The Gallery has been closed for a major refurbishment, the first time since the new building opened in 1999, and reopened on Friday 16th January. The transformation has created an accessible and heuristic display of the art collected by the City of London since 1670, a remarkable tribute to both British and visiting artists.
Now, the main exhibition area has been overhauled and laid out to display some of the Victorian art which is the underpinning of the collection in a way that helps a modern audience understand the context of each work. Julia Dudkiewicz, Principal Curator explained that room showcases two dichotomies – on one side of the room, Materiality (Home and Beauty) contrasts with Spirituality (Faith), on the other Imagined Realities (Love and Imagination) are contrasted with the Realities of Life (Work and Leisure).

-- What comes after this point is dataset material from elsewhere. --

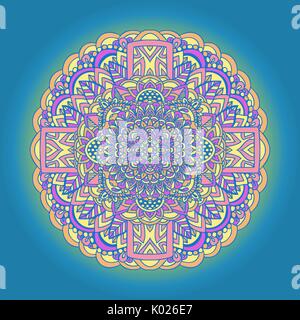Abstrakte mandala Ornament auf blauem Hintergrund. Asiatische Muster. Orange gradient authentischen Hintergrund. Stock Vektor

The paintings on this level are, for me, the most accessible and I really appreciated the thought that had gone into the rehang, which aims to help contemporary visitors understand how Victorian life themes have affected life today.
On the next level down there’s a display of art from the First World War, including landscape paintings by Matthew Smith, dark brooding landscapes painted following service in the War and a subsequent nervous breakdown.
There are also some of the earliest painting in the collection.
And a fascinating exhibition about Tower Bridge, to celebrate the 120th anniversary of the bridge in 2014.
Finally, there’s the Roman Amphitheatre. Somewhere you can walk and get a sense of the scale of the original construction, despite being two levels down.
I was particularly impressed throughout the exhibition by disabled access on every level, even down to a special entrance into the Roman Amphitheatre. It appears the Guildhall Art Gallery has made no compromises and I’d love to hear whether the intention actually meets the needs of disabled visitors.
For the most part entrance to the Guildhall Art Gallery and the exhibitions is free of charge. They do occasionally hold exhibitions with a small entrance fee, but the permanant collection can always be accessed free of charge.